How Can I Help Myself?
There are several ways to combat alcohol misuse. Your GP's surgery may have details of group therapy sessions. Your local Citizens Advice Bureau will help you find a local branch of Alcoholics Anonymous. As a first step, you could try working through a self-help course. There are well-established principles, coping strategies and maintenance skills that have found clinical success in the treatment of alcohol-related problems.
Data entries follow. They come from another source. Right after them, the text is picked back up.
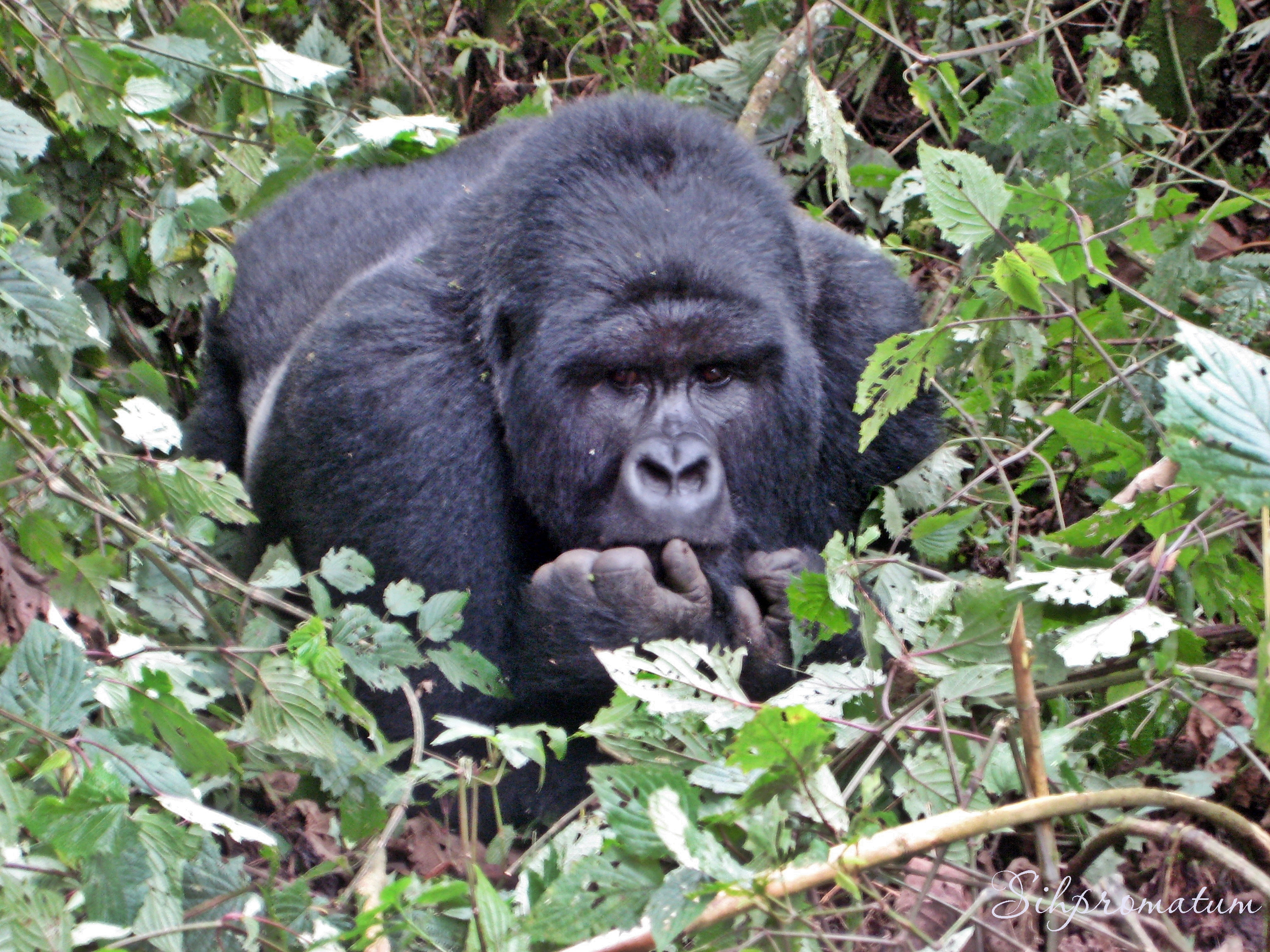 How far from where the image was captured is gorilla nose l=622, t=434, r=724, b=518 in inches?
111

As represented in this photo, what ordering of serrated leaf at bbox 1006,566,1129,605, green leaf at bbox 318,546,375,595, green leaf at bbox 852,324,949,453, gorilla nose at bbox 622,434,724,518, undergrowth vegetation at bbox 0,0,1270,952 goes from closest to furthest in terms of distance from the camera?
undergrowth vegetation at bbox 0,0,1270,952, serrated leaf at bbox 1006,566,1129,605, green leaf at bbox 852,324,949,453, green leaf at bbox 318,546,375,595, gorilla nose at bbox 622,434,724,518

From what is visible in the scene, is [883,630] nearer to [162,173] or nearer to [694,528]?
[694,528]

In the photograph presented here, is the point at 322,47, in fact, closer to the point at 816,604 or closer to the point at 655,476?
the point at 655,476

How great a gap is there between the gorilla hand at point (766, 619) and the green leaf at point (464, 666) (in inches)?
23.0

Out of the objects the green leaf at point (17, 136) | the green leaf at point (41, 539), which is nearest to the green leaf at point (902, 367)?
the green leaf at point (41, 539)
However, tackling such problems may not be easy, and will require time and patience, and the support of your friends, partners and families where possible.
Drug addiction is a chronic, relapsing disease, but there are many methods of treatment to improve the drug user’s ability to function, which may involve abstinence from using the drug, or minimise use to safe levels. Treatments vary widely dependant on the type of drug addiction, how long it has been going for, and individual needs of the user. Psychological therapies are an effective method, often alongside residential programmes, long-term support groups and sometimes medication.
Cognitive behavioural therapy (CBT) offers techniques which have been proven to be effective for stopping smoking, by teaching you how to ‘re-program’ your mind to not want to smoke. You will no longer have to rely on willpower alone to give up smoking. By becoming aware of your smoking triggers and dealing with the thoughts and behaviours that lead you to smoke automatically, you will gradually find your cravings dissipate and eventually disappear altogether. With advice for relapse management, CBT is an effective tool for ensuring you not only give up but remain a non-smoker forever.
Cognitive behavioural therapy techniques are also now used all over the world to help with gambling addiction. They can help you to understand how your own gambling problem has developed and what risk factors are keeping it going; also, crucially, how to develop the motivation to stop and control any future urges to gamble again.